Visage enfoui dans le capuchon de son acaba bleue, le grand connétable Pamynx surgit de l’obscurité et rejoignit le seigneur Ranti Ang et le jeune Spergus qui attendaient en compagnie de leurs protecteurs de pensées sur la plate-forme gravitationnelle immobilisée.
« Si mon seigneur veut bien se donner la peine de me suivre, fit-il en s’inclinant.
— Ce n’est pas trop tôt, en vérité ! gronda Ranti Ang. Vous venez, Spergus ? »
Suivis comme leurs ombres par les protecteurs, ils s’engagèrent dans une étroite et sombre galerie. Ils arrivèrent bientôt devant une antique et massive porte de bois, barrée d’énormes traverses métalliques. Au bout d’un moment qui parut interminable à Spergus, les traverses glissèrent sur leurs coulisses scellées à l’intérieur de cavités murales. L’atmosphère humide, irrespirable de cet endroit incommodait le jeune Osgorite. Il avait la désagréable impression que les moisissures s’immisçaient dans chacun des pores de sa peau.

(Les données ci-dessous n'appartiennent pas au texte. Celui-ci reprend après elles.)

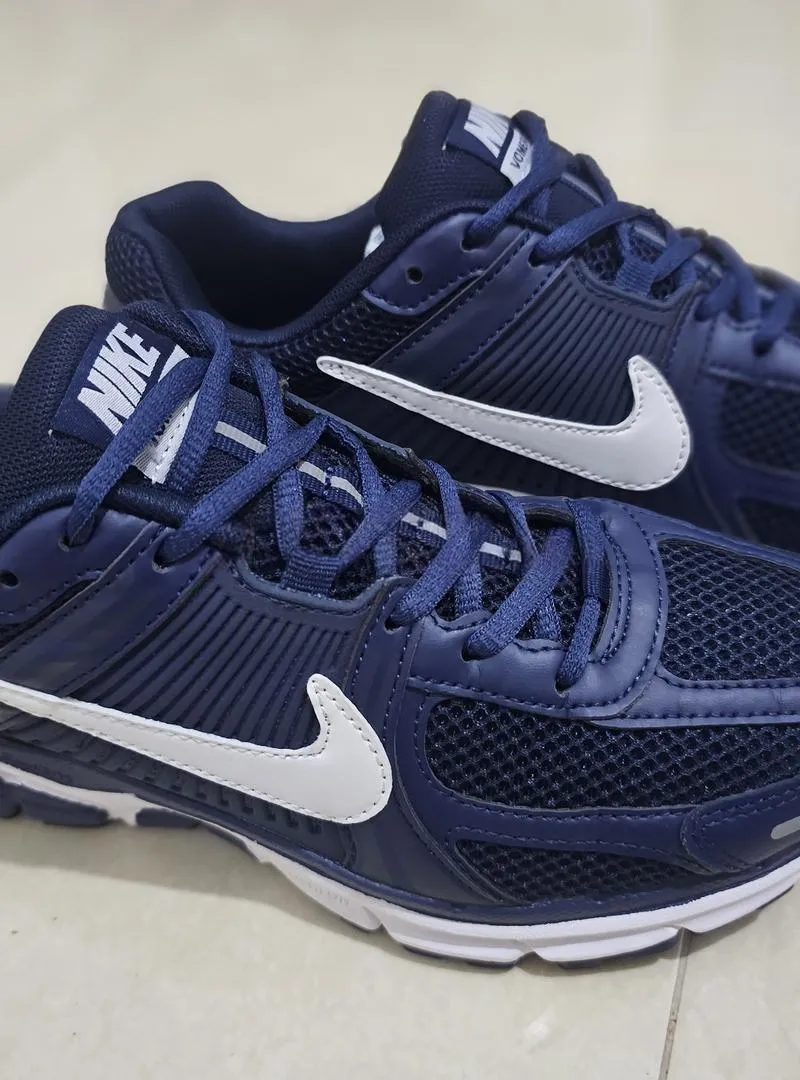 👟 Nike Zoom Vomero 5 – Taille 43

La porte s’ouvrit sur un vaste balcon, éclairé par deux bulles-lumière flottantes et sur lequel se tenait un petit groupe d’hommes aux visages dissimulés sous des masques blancs. Trois triangles entre croisés, argentés, brillaient sur les plastrons rigides de leurs uniformes gris.
Ranti Ang darda des yeux vipérins sur Pamynx.
« Vous êtes le gardien suprême de la loi, monsieur le connétable ! Par conséquent, vous n’ignorez pas que les mercenaires de Pritiv sont en situation illégale sur le sol de Syracusa ! »
L’impatience encore contenue qui imprégnait sa voix risquait à tout instant de dégénérer en perte de contrôle.
« Faites-moi au moins la grâce de répondre ! Était-il réellement nécessaire, pour le bien public, d’engager ces aventuriers ?
— Vous comprendrez plus tard les raisons de leur présence en ces lieux, mon seigneur », répondit Pamynx d’un ton neutre.
Le balcon surplombait une immense salle circulaire et nue, au centre de laquelle se dressait une silhouette figée, drapée dans les plis d’une acaba noire.
« Cet endroit est sinistre, mon seigneur ! »
Spergus réprima un frisson. Le spectacle de cet être fantomatique, statufié sur le carrelage faiblement éclairé par des lampes-eau souterraines, distillait un venin d’angoisse dans l’esprit du jeune et impressionnable Osgorite. Un parfum de mort flânait dans l’air confiné.